PROBLEM STATEMENT: Include the line containing "Mikel Arteta Leads" and every line after it up to the end of the material below; reproduce them exactly and drop the pictures.

*** Opening DATA BLOCK ***

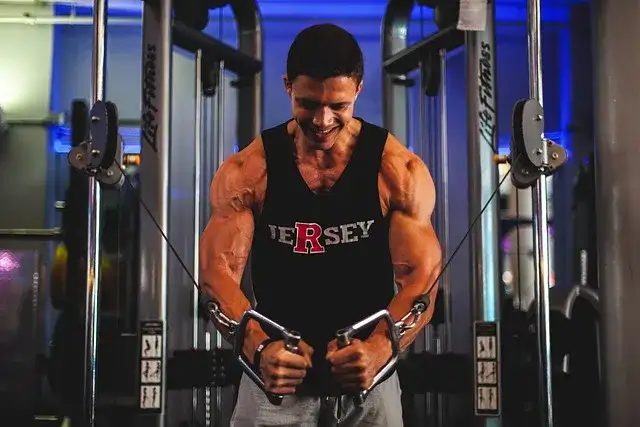 Kiedy pić shake proteinowy, aby maksymalnie zwiększyć efekty treningu?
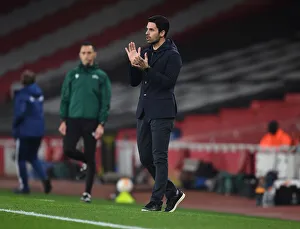 Mikel Arteta Leads Empty Emirates Stadium: Arsenal vs. Olympiacos in Europa League Amid Coronavirus Restrictions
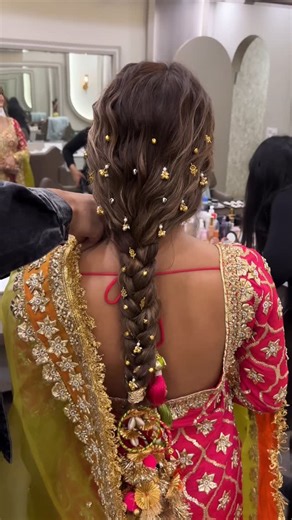 A K A S H . L U T H R on Instagram: "🩷Trinding messy hairstyles 🩷 @hairstylist_akash_ . , . #hairstylist #hairstylist #hairvideo #reelitfeelit #trindingreels #trand #viralvideos #pinterest #pinterest"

*** Closing DATA BLOCK ***

RESULT:
 Mikel Arteta Leads Empty Emirates Stadium: Arsenal vs. Olympiacos in Europa League Amid Coronavirus Restrictions
 A K A S H . L U T H R on Instagram: "🩷Trinding messy hairstyles 🩷 @hairstylist_akash_ . , . #hairstylist #hairstylist #hairvideo #reelitfeelit #trindingreels #trand #viralvideos #pinterest #pinterest"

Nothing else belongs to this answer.